Subscribe to the latest news from the Nordic Labour Journal by e-mail. The newsletter is issued 9 times a year. Subscription is free of charge.

You are here: Home i In Focus i In focus 2020 i Theme: Closed borders i The Öresund cooperation was set to expand – then corona hit
The Öresund cooperation was set to expand – then corona hit

The Öresund cooperation was set to expand – then corona hit

| Text: Fayme Alm, photo: Björn Lindahl

Billions of kroner. That is the estimated annual benefit for Denmark and Sweden resulting from a fully integrated labour market across Öresund. Nine focus areas have been identified and presented, ready for action as soon as the corona crisis ends.

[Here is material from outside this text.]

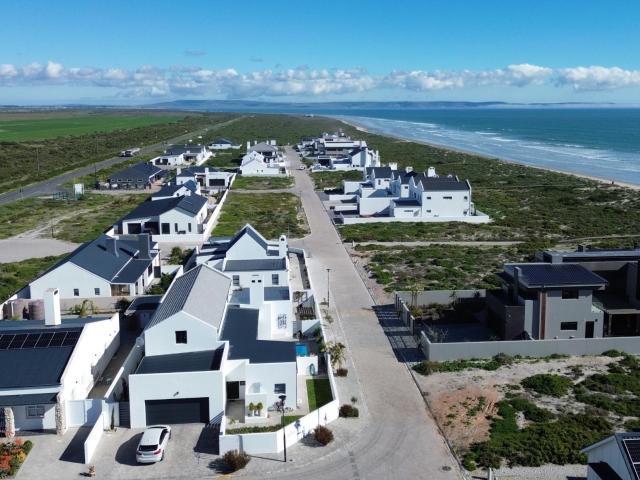 House for sale in West Coast, Dwarskersbos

The crisis has led to suffering and problems, but it might also lead to a greater understanding of the advantages of Denmark and Sweden cooperating more on labour market issues across this dynamic border region.

Even before the Oresund bridge opened on 1 July 2000, several visions for the Øresund Region were making the rounds. Since then, the visionaries have faced many disappointments as the expected speed of integration has not lived up to initial hopes and the ideal outcomes never materialised.

At the same time, exchanges between Eastern Denmark and Southern Sweden have increased in the 20 years that have passed. And there is more to be gained, according to Greater Copenhagen’s labour market charter. It was published just days before anti-corona measures were introduced, severely limiting physical mobility within as well as between the two countries.  

Heino Knudsen

Heino Knudsen, Chairman for Greater Copenhagen. Photo: Thea Wiborg/News Øresund.

“Greater Copenhagen is a political cooperation whose focus is to create growth. The labour market is therefore a very important part of this, and it is our expressed ambition to maximise the great potential the labour force in this metropolitan region represents,” says Heino Knudsen, who has been the organisation’s Chairman since January 2020.

The Greater Copenhagen cooperation comprises Region Zealand and the Capital Region of Denmark, as well as Region Skåne and Region Halland in Sweden. Altogether they count 85 municipalities with 4.3 million citizens. Greater Copenhagen calls its area a metropolitan region. 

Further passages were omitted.